I think one of the things I don’t like about the summer is seeing guys where I work walking around in shorts. Like, grown men. For real. They get up in the morning and say, “Well, time to go to work,” and they put on shorts. And a couple of them even wear flip-flops on their feet, right there below their shorts. I don’t get it, man. It’s usually pretty casual at an Internet company, meaning you can wear whatever the hell you want. And I’ll admit I wore shorts to work fifteen years ago. But the older you get, the more those shorts should stay in the drawer. Seriously. But I suppose it also has to do with your position in the company. When I was wearing shorts I was just a support dink. But as I got better and better positions I noticed something, and that is, the guys in charge, the ones who really ran shit, they weren’t flopping around the halls dressed for a trip to the beach. For the most part, they dressed like they ran shit. The clothes make the man, right? Or woman. I’m not trying to be sexist, that’s just the way the saying goes. Don’t attack me on Twitter, I’m on your side.

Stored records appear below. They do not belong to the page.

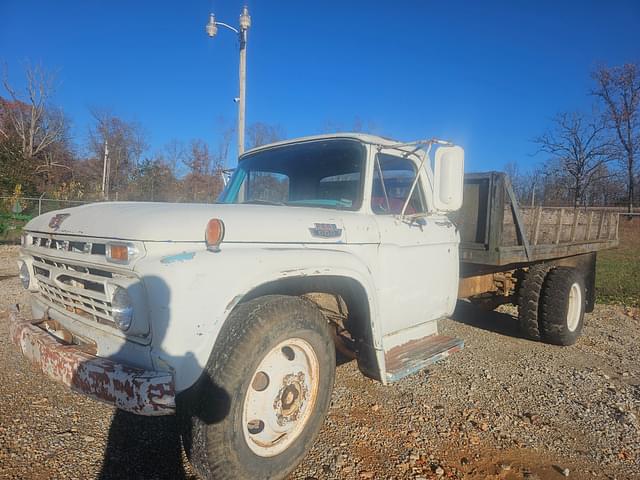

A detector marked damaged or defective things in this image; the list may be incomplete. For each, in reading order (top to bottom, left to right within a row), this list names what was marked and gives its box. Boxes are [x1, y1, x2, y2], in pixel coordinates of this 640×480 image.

rusty fender edge [6, 308, 175, 416]
rusty bumper [8, 308, 178, 416]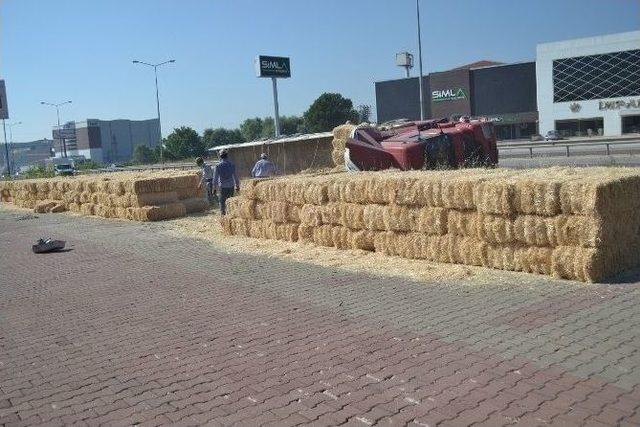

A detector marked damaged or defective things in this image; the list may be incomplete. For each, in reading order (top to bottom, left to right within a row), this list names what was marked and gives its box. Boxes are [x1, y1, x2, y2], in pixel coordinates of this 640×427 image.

overturned red truck [344, 118, 500, 172]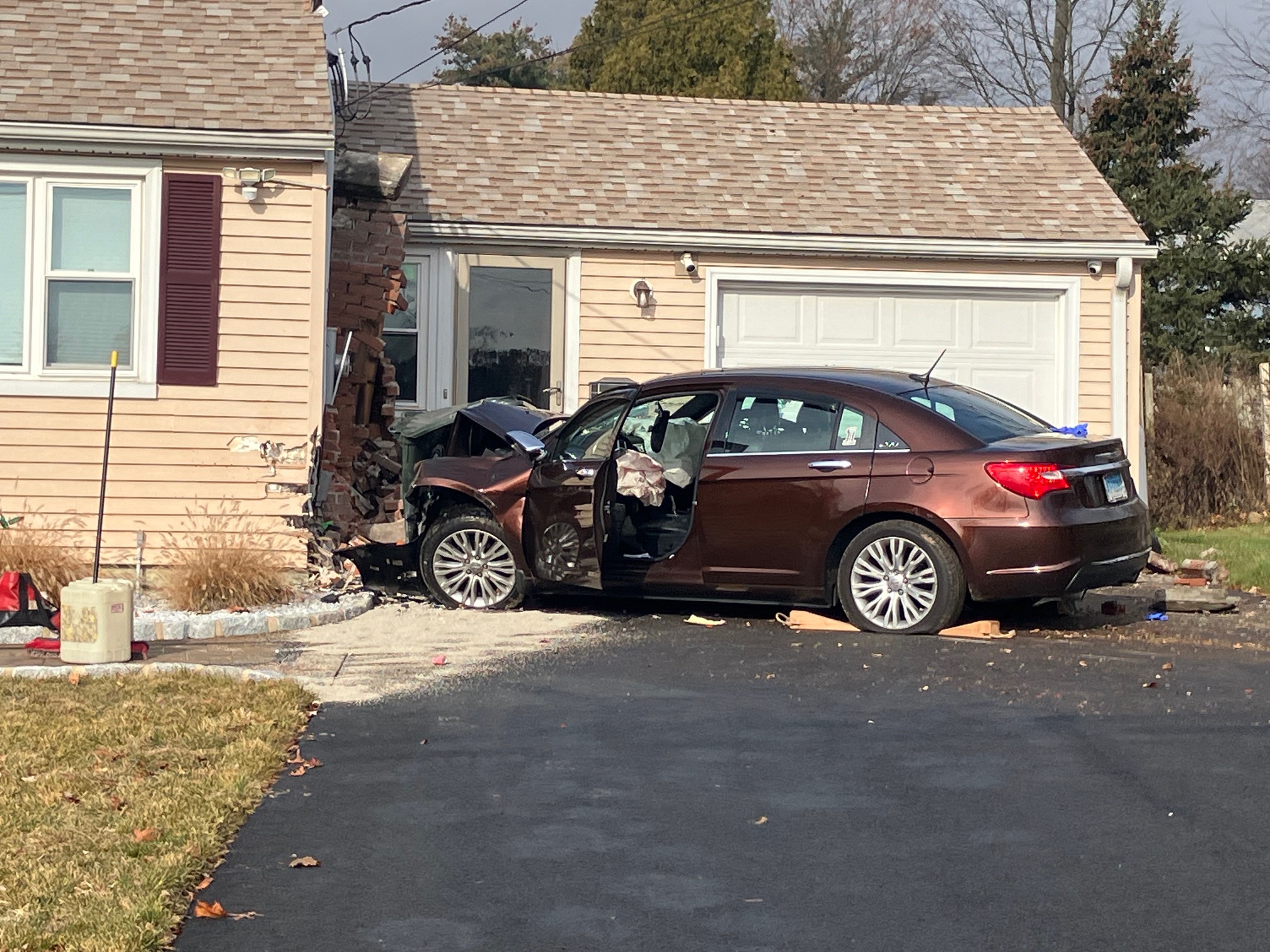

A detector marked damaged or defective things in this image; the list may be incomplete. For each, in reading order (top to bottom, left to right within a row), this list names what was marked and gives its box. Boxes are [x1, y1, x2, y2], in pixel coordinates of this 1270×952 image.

So yeah, the more I ran shit the more I tended to look for what passes as respectable in my business. In a real business it would probably not make the mark. I’m not wearing ties. Just pants that cover my legs all the way down to the shoes and shirts with buttons on them. But even that little bit of halfhearted effort makes me stand out at work, where most of the people are in t-shirts. I’m weird though, when I settle on a look, I kind of just duplicate that look out to infinity. Meaning I wear one kind of pants – or one pair of pants…I think it’s been a month since I washed the dark jeans I’m wearing lately. Seriously, why wash pants every time you wear them? Unless you dig gardens for a living or spill guacamole on yourself or don’t wear underwear, your pants aren’t really going to get dirty, are they? Anyway, even if I did change my pants every day, they’d all be the same. All of my shirts are the same, just different colors and patterns. My shoes – I two pairs of Converse and four pairs of Doc Marten’s that I wear to work. And speaking of Doc Marten’s, I’ve worn the boots forever, and I found out a while ago that they’re mostly made in China now, since 2003 or something.

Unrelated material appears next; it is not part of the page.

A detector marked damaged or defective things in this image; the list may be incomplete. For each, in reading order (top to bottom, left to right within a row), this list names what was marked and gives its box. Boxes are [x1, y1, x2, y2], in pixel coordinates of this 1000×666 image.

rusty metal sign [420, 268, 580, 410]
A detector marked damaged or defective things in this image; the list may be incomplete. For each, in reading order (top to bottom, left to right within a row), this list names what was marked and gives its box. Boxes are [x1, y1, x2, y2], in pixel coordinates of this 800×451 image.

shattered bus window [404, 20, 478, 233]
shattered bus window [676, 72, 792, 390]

Which is fine, I think a bored Chinese person can make a shoe just as well as a bored British person, but I have to say that of the four pairs I have right now, only one is old enough to be British made, and it’s the best of the bunch. The fit is a little weird on the Chinese ones, and I’ve been wearing one black pair for like five years and the fuckers just don’t break in. The brown British pair is perfect. But those black boots – it’s like they’re made out of some form of alien cow leather, or super cow, because they look just like the day I bought them. I really don’t think just because something is made in China that it’s automatically junk. People are people, it’s all about the materials used. If the materials are good, why can’t someone in China make my guitar or my shoes or my car. Parts is parts, man, just different people putting them together. And I know that there are some fucked up labor practices in China, so no hate mail for that either. But it’s almost impossible to be alive and not buy anything that was made in China. And you know it wasn’t that long ago that kids worked in sweatshops right here in America. It hasn’t even been 100 years since we started fixing that mess. So I always cringe a little when I read some self-righteous anti-China labor shit from some smug Anglo. China will get it’s shit together. Give them a minute.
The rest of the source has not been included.